The pictures must be left out, while the rest of the data is copied exactly.

### Information supplied
-*-*-
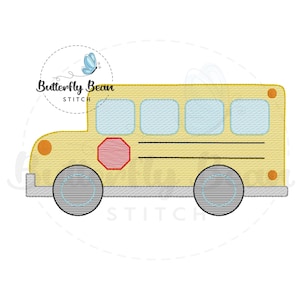 School bus embroidery design file, sketch embroidery, instant download, back to school, PES, quick stitch, vehicle, shirt design, 7x5, 4x4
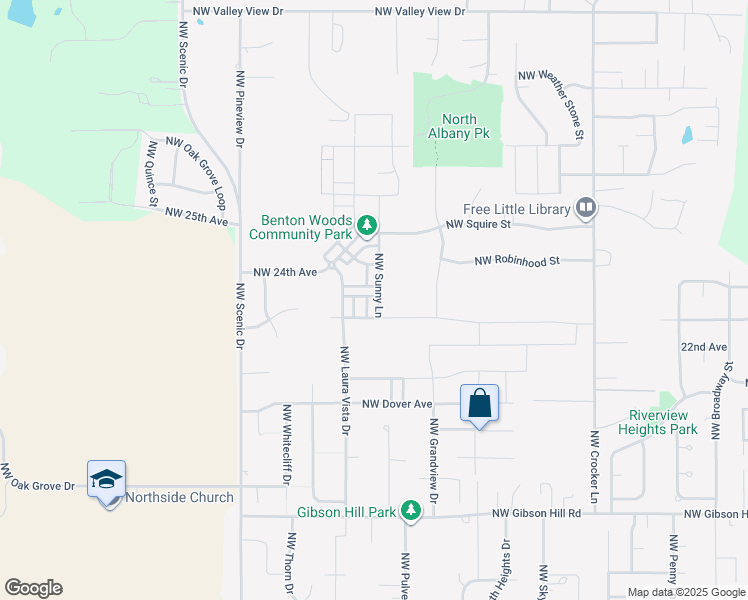 map of restaurants, bars, coffee shops, grocery stores, and more near 2409 Northwest Sunny Lane in Albany
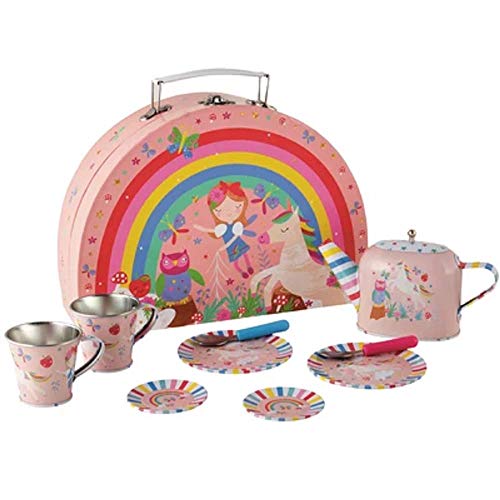 Floss Rock Floss & Rock 40P3571 Rainbow Fairy Tin Tea Set in Rainbow Shaped Box, 10-Piece Set - Image 4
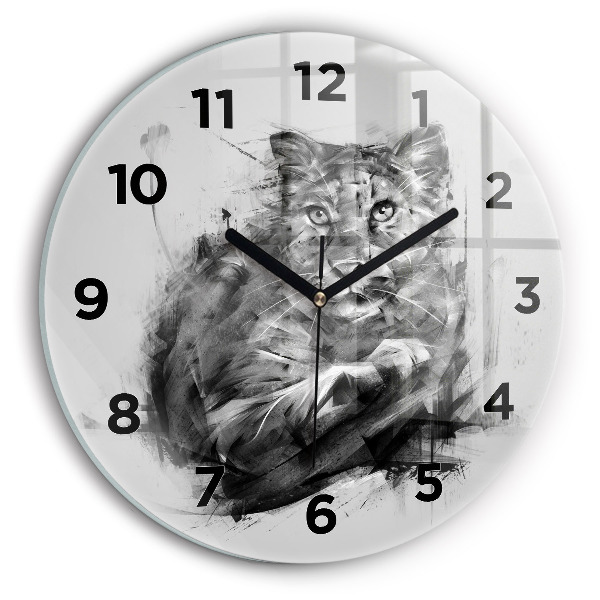 Round glass clock Painted lion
-*-*-
### Output for this exercise
 School bus embroidery design file, sketch embroidery, instant download, back to school, PES, quick stitch, vehicle, shirt design, 7x5, 4x4
 map of restaurants, bars, coffee shops, grocery stores, and more near 2409 Northwest Sunny Lane in Albany
 Floss Rock Floss & Rock 40P3571 Rainbow Fairy Tin Tea Set in Rainbow Shaped Box, 10-Piece Set - Image 4
 Round glass clock Painted lion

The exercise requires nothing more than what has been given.